Copying rule for the data below: pictures stay out, and only the lines from the one with "Shooting Midnight Cowboy: Art, Sex, Loneliness, Liberation, and" down to the one with "Természetfölötti jelenségek atlasza", inclusive, are repeated exactly.

### Given data
━━━━━━━━━━━━━━━━━━━━━━━━━━━━━━

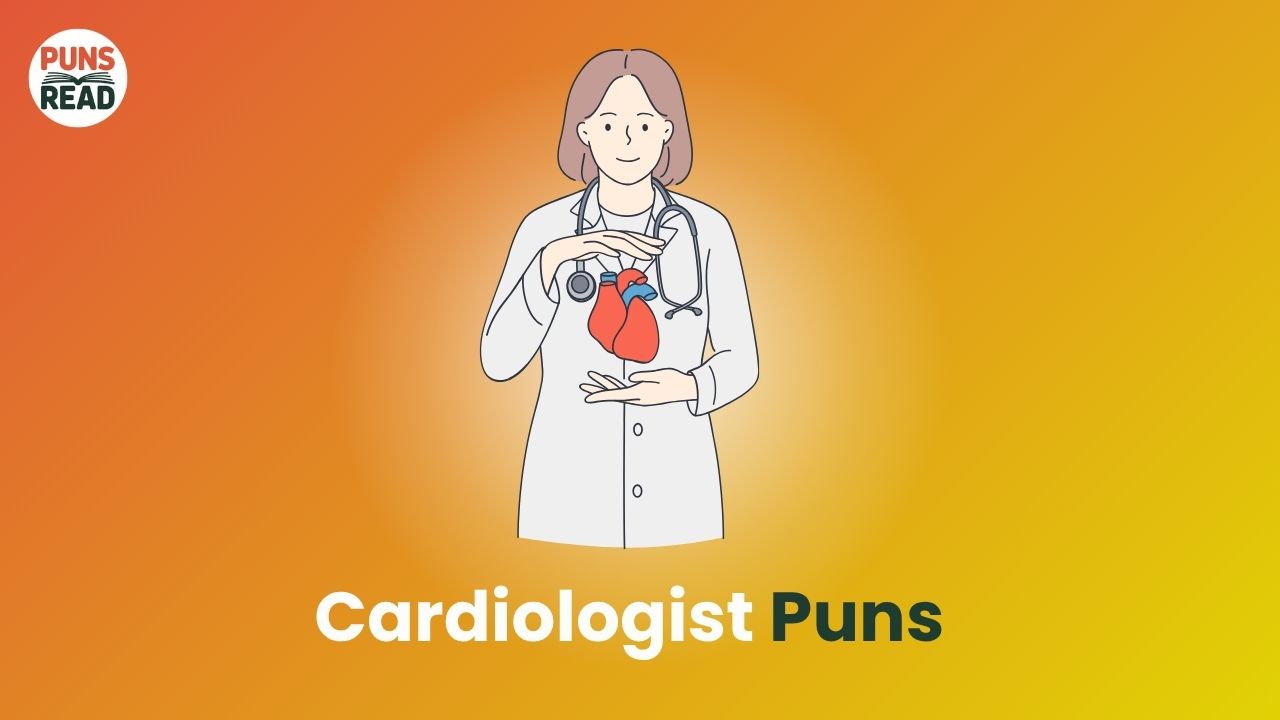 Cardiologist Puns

━━━━━━━━━━━━━━━━━━━━━━━━━━━━━━

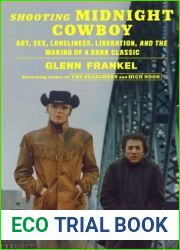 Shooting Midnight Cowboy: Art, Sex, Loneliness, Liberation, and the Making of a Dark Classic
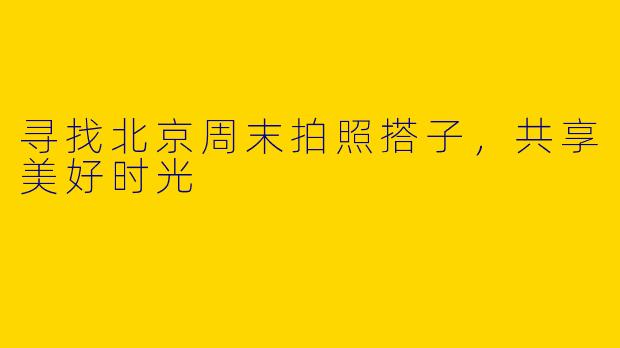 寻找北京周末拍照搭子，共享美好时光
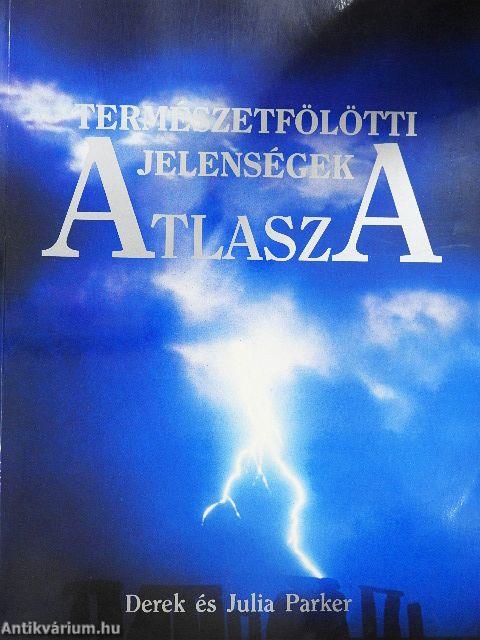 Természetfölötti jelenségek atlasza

━━━━━━━━━━━━━━━━━━━━━━━━━━━━━━

### Response to the task
 Shooting Midnight Cowboy: Art, Sex, Loneliness, Liberation, and the Making of a Dark Classic
 寻找北京周末拍照搭子，共享美好时光
 Természetfölötti jelenségek atlasza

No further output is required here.